> Work request
Beneath this instruction is a listing. Transcribe from it only the stretch from the line with "Volvo V90 (2018)" through the line with "client_meet_AdobeStock_326608554web-circle", both end lines included, exactly as written.

Segment Open

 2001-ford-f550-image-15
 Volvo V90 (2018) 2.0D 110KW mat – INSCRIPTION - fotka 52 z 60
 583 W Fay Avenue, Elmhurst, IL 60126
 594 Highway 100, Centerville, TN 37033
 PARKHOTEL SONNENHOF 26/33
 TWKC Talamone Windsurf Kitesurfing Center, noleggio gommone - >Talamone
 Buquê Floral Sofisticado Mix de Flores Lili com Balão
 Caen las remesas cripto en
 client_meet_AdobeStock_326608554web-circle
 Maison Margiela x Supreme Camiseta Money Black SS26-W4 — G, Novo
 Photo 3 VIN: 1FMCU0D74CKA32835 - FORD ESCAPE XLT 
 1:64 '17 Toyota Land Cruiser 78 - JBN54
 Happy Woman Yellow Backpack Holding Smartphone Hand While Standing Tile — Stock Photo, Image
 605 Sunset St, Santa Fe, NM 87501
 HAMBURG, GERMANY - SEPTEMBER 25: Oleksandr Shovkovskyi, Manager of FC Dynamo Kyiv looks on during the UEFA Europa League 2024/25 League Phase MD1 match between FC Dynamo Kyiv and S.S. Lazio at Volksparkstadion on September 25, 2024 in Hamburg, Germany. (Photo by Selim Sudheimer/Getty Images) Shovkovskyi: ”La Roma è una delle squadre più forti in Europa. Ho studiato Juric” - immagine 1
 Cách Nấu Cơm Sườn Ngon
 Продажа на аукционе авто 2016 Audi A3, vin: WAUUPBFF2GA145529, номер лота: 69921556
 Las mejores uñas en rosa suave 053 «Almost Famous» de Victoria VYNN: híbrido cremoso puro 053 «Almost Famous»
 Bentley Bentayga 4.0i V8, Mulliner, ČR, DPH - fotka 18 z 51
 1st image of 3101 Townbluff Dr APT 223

Segment Closed

> Expected output
 Volvo V90 (2018) 2.0D 110KW mat – INSCRIPTION - fotka 52 z 60
 583 W Fay Avenue, Elmhurst, IL 60126
 594 Highway 100, Centerville, TN 37033
 PARKHOTEL SONNENHOF 26/33
 TWKC Talamone Windsurf Kitesurfing Center, noleggio gommone - >Talamone
 Buquê Floral Sofisticado Mix de Flores Lili com Balão
 Caen las remesas cripto en
 client_meet_AdobeStock_326608554web-circle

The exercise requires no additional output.